Legal liability is a good starting point. If I am writing the code for a new version of a Microsoft operating system, and I already know that there are 1,000 viruses that attack Windows systems, I probably would be legally liable for releasing a product that is vulnerable to one of those existing viruses, if I could easily and inexpensively block them. An internet-ready operating system with no protection against known viruses, would be a defective product, and I'd probably be legally responsible for the damages, at least to consumers. Even if legal liability were avoided (for example, through enforceable contracts), the adverse publicity and of course the complete failure of the operating system to work, would result in complete market failure: people would not buy this product or my other products.

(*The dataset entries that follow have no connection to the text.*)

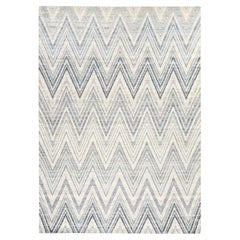 8'9"x12'2" Gray Chevron Design Textured Wool and Pure Silk Hand Knotted Rug
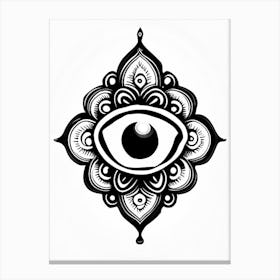 Om Aum, Symbol, Third Eye Simple Black & White Illustration 2 Canvas Print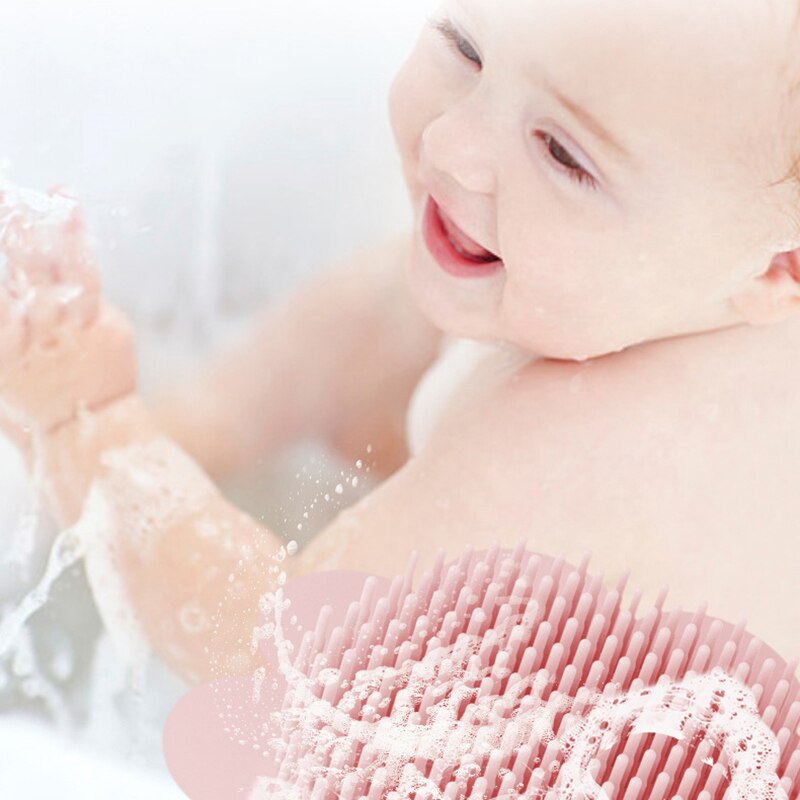 Escova infantil de silicone, escova de shampoo para banho e bebês, ferramenta de cuidados para crianças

Now, let's look to the harder case. Suppose I am responsible for the coding for Doom III, a complex computer game that (I assume) includes internet-play. I know there are viruses out there, and I know that there are malicious people out there. I also suspect that someone could write a virus that would target my widely software, attaching itself and perhaps even trying to propegate to other users or distribute private data or system-access information by modifying the code that allows internet play. Must I write code to resist that potential virus? No matter what I do, a clever cracker will find a way to circumvent my efforts -- but what must I do? How much time, what portion of my budget, should be spent to fighting crime?

Basically, it's a balancing act.

Try another example: your employer asks you to write a database or accounting program. You know that it is quite likely that your program will be purchased and used by drug traffickers to track their shipments and profits. What duty do you have to prevent such uses, or to detect such uses and report them to law enforcement?

Try another example: your employer asks you to write a Napster-like computer program that will allow people to share files. You know that some people will misuse the program (sharing copyrighted materials), but you also know that many people will use the program lawfully.

Now, suppose you work for one of these latter two companies, and you decide that your employer is not doing enough to prevent misuse, and you refuse to write certain code, but you also refuse to resign. Maybe your employer's attorneys present you with a "severance agreement" that includes a generous cash severance and a confidentiality clause. Or maybe you already signed a confidentiality agreement, and your employer fires you with no severance.

Damn, I have to side with the employer. There's nothing illegal going on, and you aren't being asked to do something unsafe or improper -- you simply have chosen a set of personal ethical standards that conflict with your employer. So I'd probably agree that your employer could fire you, but I might be uncomfortable enforcing the confidentiality agreement, at least insofar as it might seek to prevent you from talking to appropriate law-enforcement agencies.

It will never happen

[rossz]

There are far too many people who will do just about anything for money. Hell, under the right circumstances, I would write spamming software, even though the very idea makes me sick. I am a family man. I have a wife and daughter to take care of. My first responsibility is to them. "Social responsibility" doesn't even come close. If I had to choose between buying food and paying rent for my family or being socially responsible - fuck society.